Compression always comes at a price - more cpu cycles to compress\decompress the data.
Choosing the right compression type is important, if the output will be processed by some other mapreduce job. Compressions - Some are fast, some are slow, some save lot of space.
Choosing a compression which is splittable is most important. Hadoop can split the compressed file and send it to reducers.
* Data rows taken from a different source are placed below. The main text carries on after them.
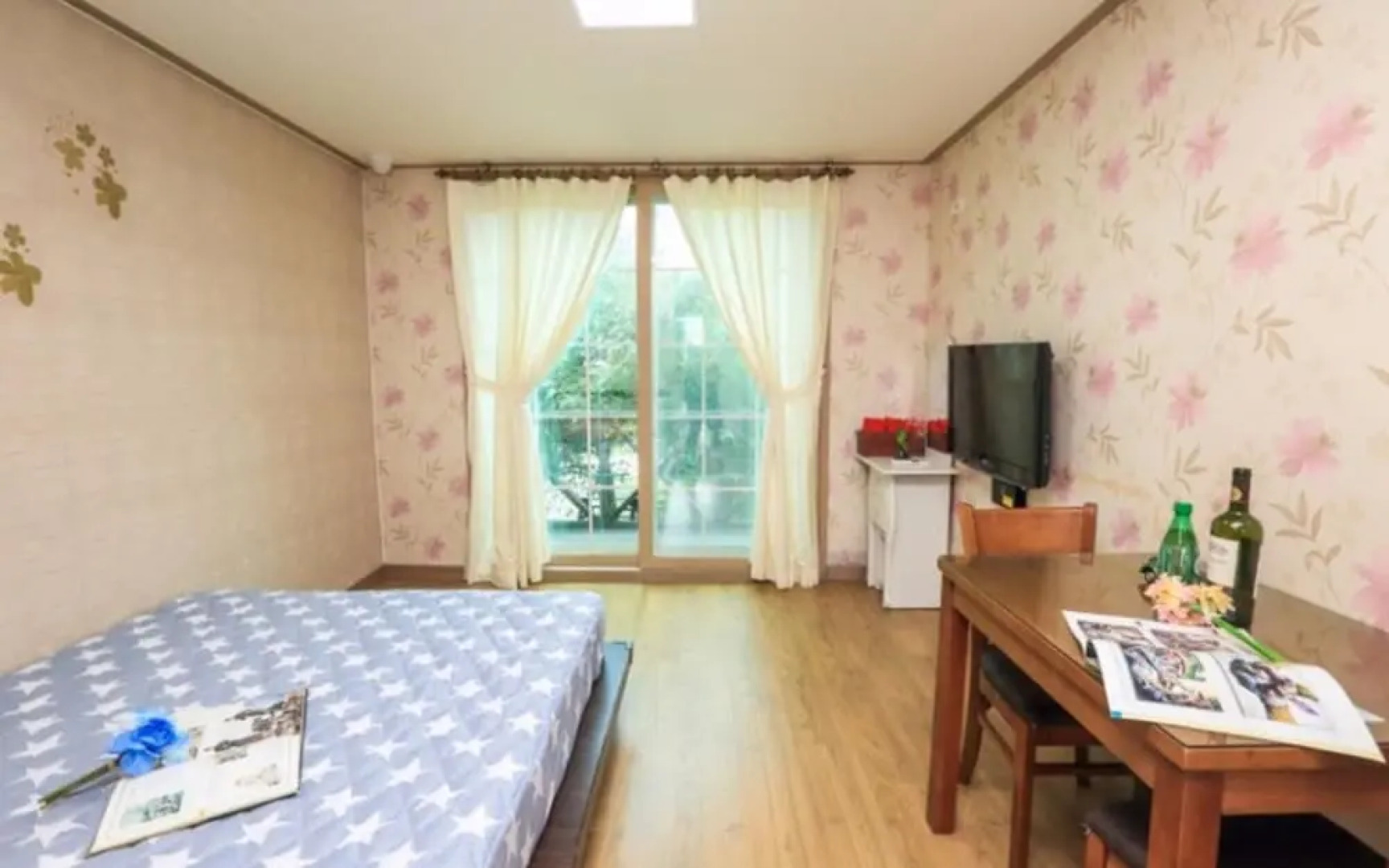 Pyeongchang Heungjeong Sketch Pension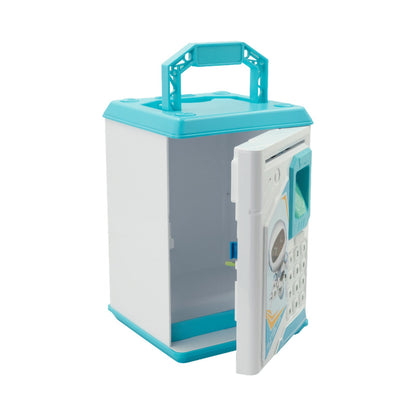 Volkano Kids Robo Vault Series Kids Money-Saving Vault - Blue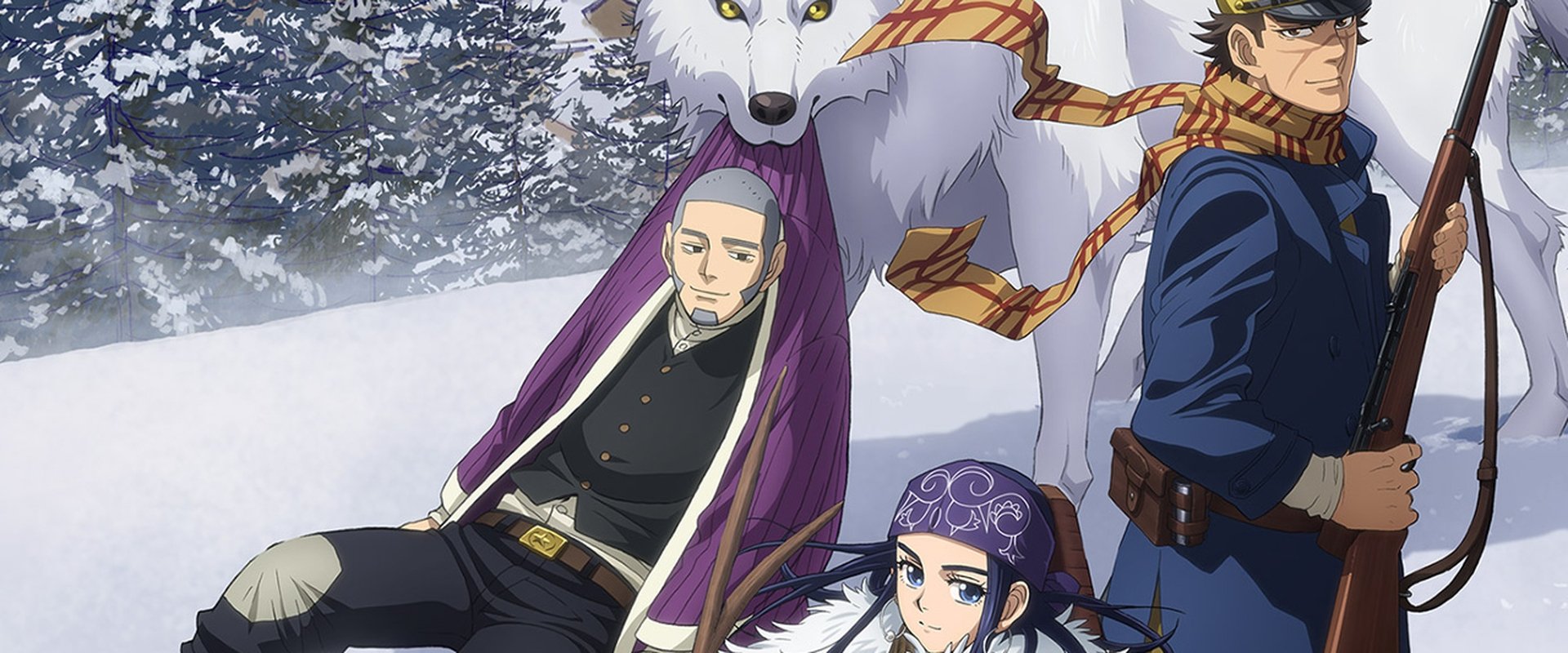 Golden Kamuy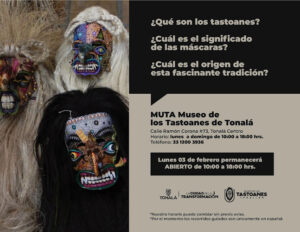 Museo de los Tastoanes de Tonalá MUTA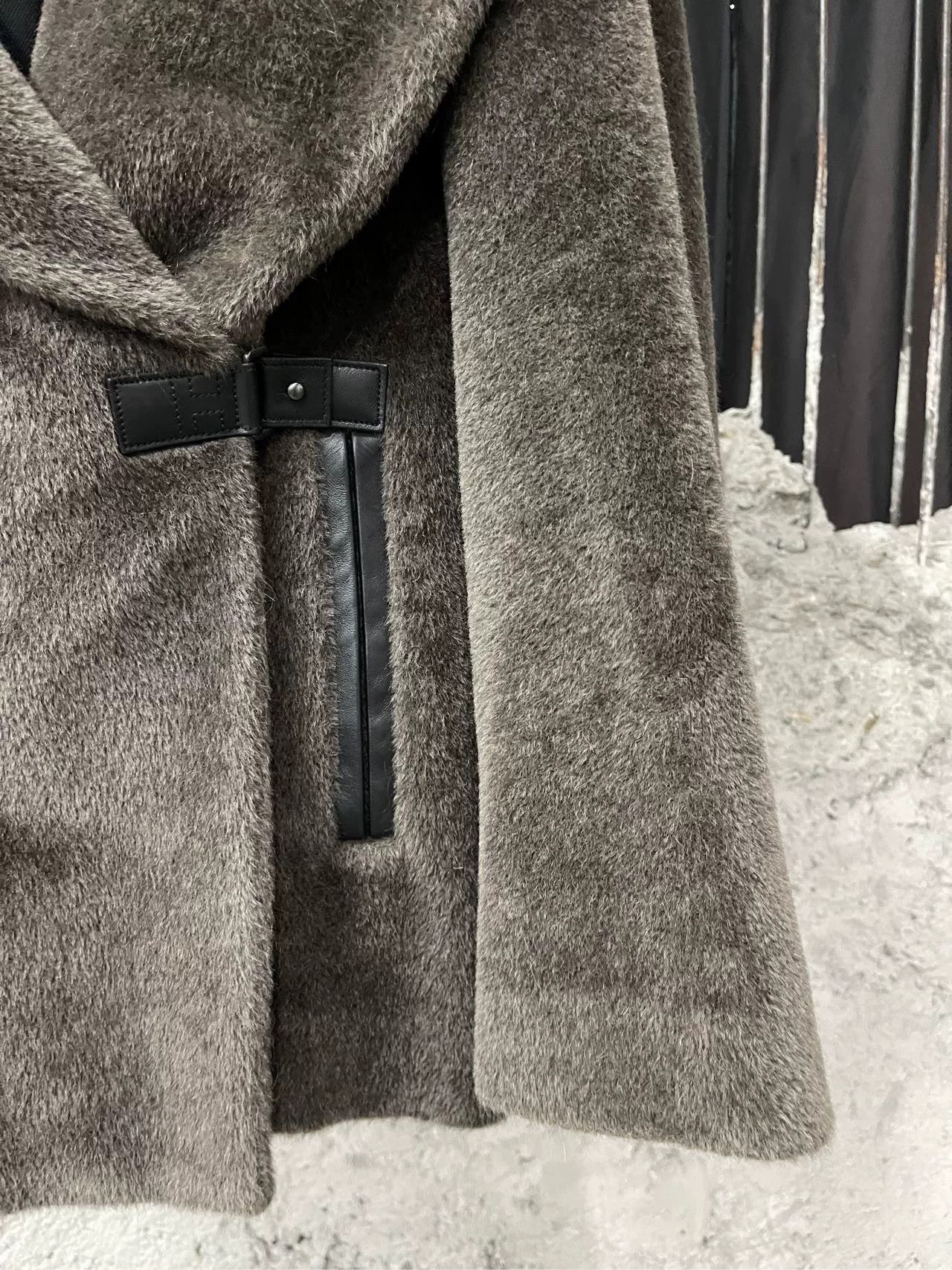 Hermes Hermes Fur Coat Size 38 Size US M / EU 48-50 / 2 - 5 Thumbnail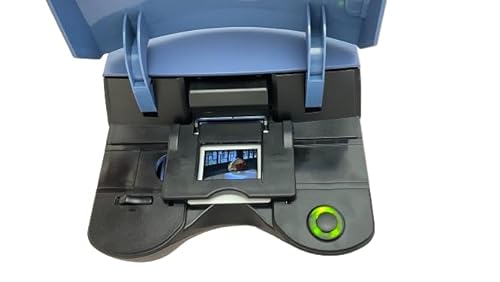 Pacific Image Electronics PrimeFilm 7250 Plus Film Scanner - 35mm/135 Film & Slide, 7,200 dpi, 48-bit Color, Mac/PC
If a compression type is not splittable, the data will be processed (mapper) at a single node and hadoop cannot parallel process the data, all the performance is lost.

The command below uses
1) "-D mapred.output.compression.codec" - to specify the class used for compression, in this case its Bzip2 compression.
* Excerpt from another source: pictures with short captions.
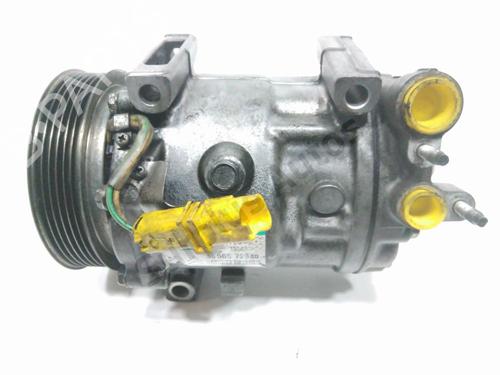 AC compressor CITROËN C5 II Break (RE_) 1.6 HDi (RE9HZC, RE9HYB) | BP31058367M34 - Image 2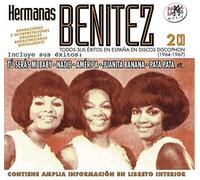 Hermanas Benitez - Todos Sus Exitos En Espaða En Discos Discophon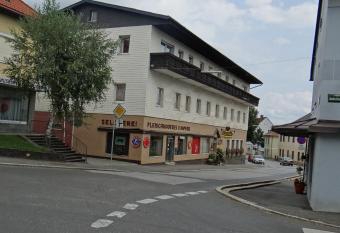 Gasthof Moser has Balcony rooms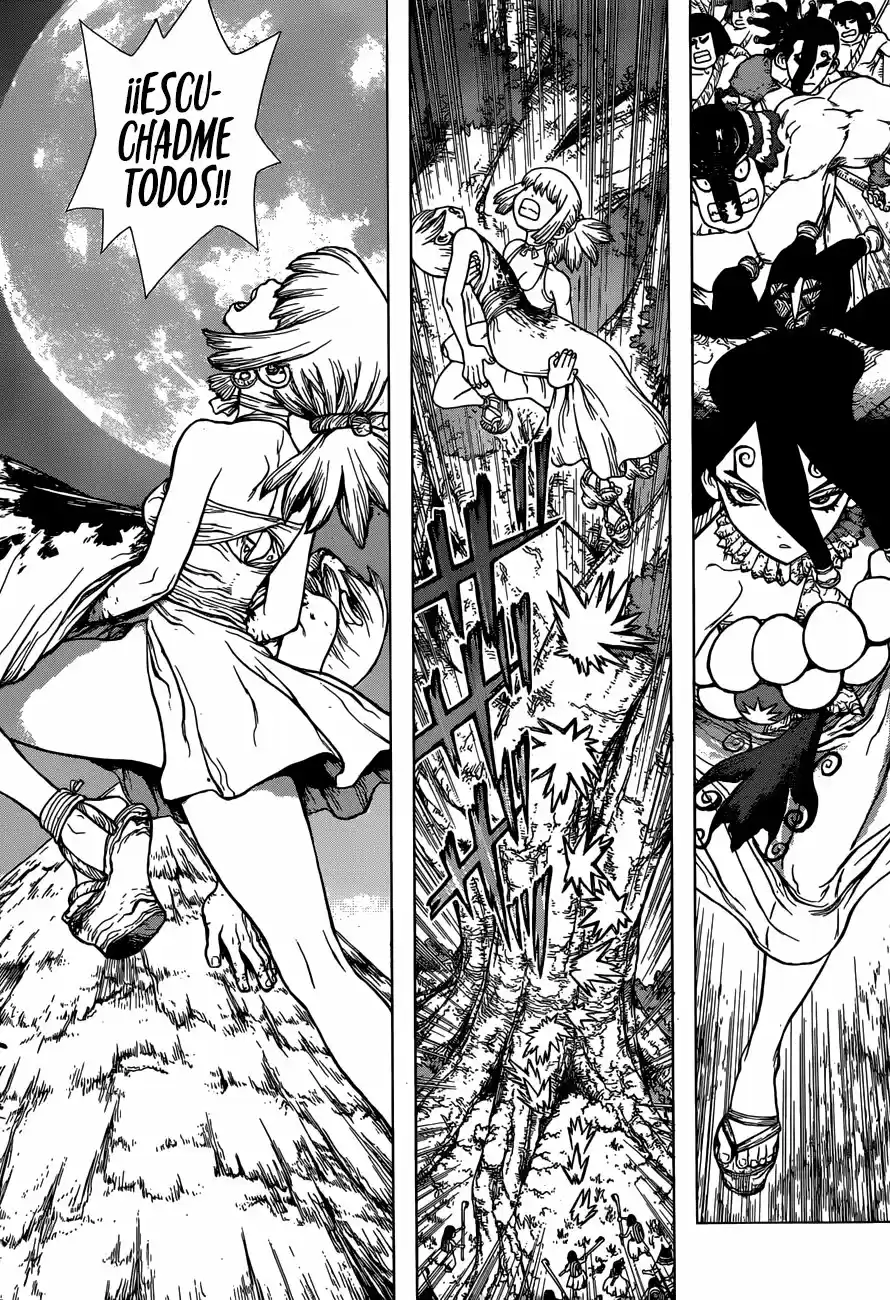 Dr.Stone - Capítulo 121 - Página 15 - LectorTMOo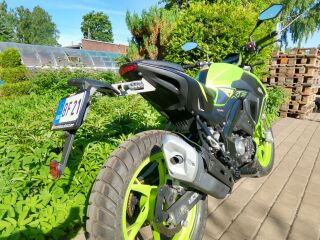 Keeway RKF 125 9kW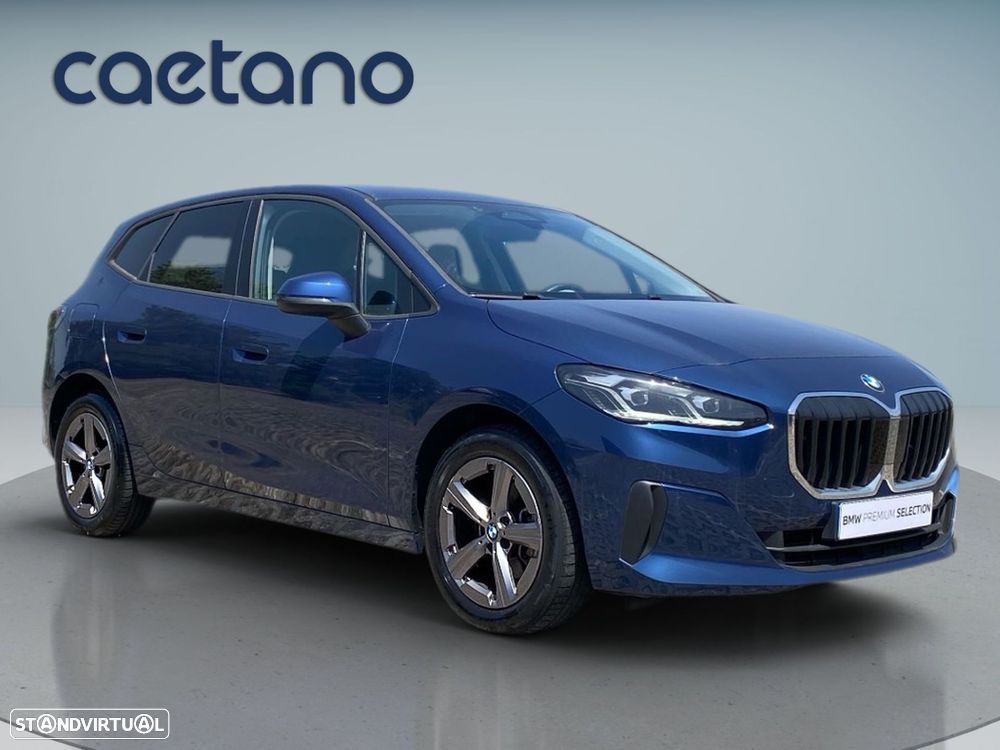 BMW 218 Active Tourer i Auto - 23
$HADOOP_HOME/bin/hadoop jar $HADOOP_HOME/contrib/streaming/hadoop-streaming-*.jar \
-libjars /tmp/weather_parse/customJobOutformat/weather_parse_outformat.jar \
-D mapred.reduce.tasks=5 \
-D mapred.job.name="weather_parse_all" \
-D stream.map.output.field.separator=,     \
-D stream.num.map.output.key.fields=4 \
-D map.output.key.field.separator=, \
-D mapred.text.key.partitioner.options=-k1,1 \
-D mapred.text.key.comparator.options="-k1,3 -k4r" \
-D mapred.output.key.comparator.class=org.apache.hadoop.mapred.lib.KeyFieldBasedComparator \
-D mapred.output.compress=true \
-D mapred.output.compression.codec=org.apache.hadoop.io.compress.BZip2Codec \
-file   /tmp/weather_parse/weather_parse_mapper.py \
-mapper /tmp/weather_parse/weather_parse_mapper.py     \
-input /user/hduser/inputxmlweather/weatherall.xml \
-output   /user/hduser/outputweathercsv \
-inputreader "StreamXmlRecordReader,begin=<WeatherDetails>,end=</WeatherDetails>" \
-file   /tmp/weather_parse/weather_parse_reducer.py   \
-reducer /tmp/weather_parse/weather_parse_reducer.py \
-outputformat customoutputformat.myformat.weatherparser.GenerateCustomFilename \
-partitioner org.apache.hadoop.mapred.lib.KeyFieldBasedPartitioner

Output -

---------------------------
Conclusion -
---------------------------

There is No Silver Bullet when it comes to parsing Hierarchical data like XML in hadoop.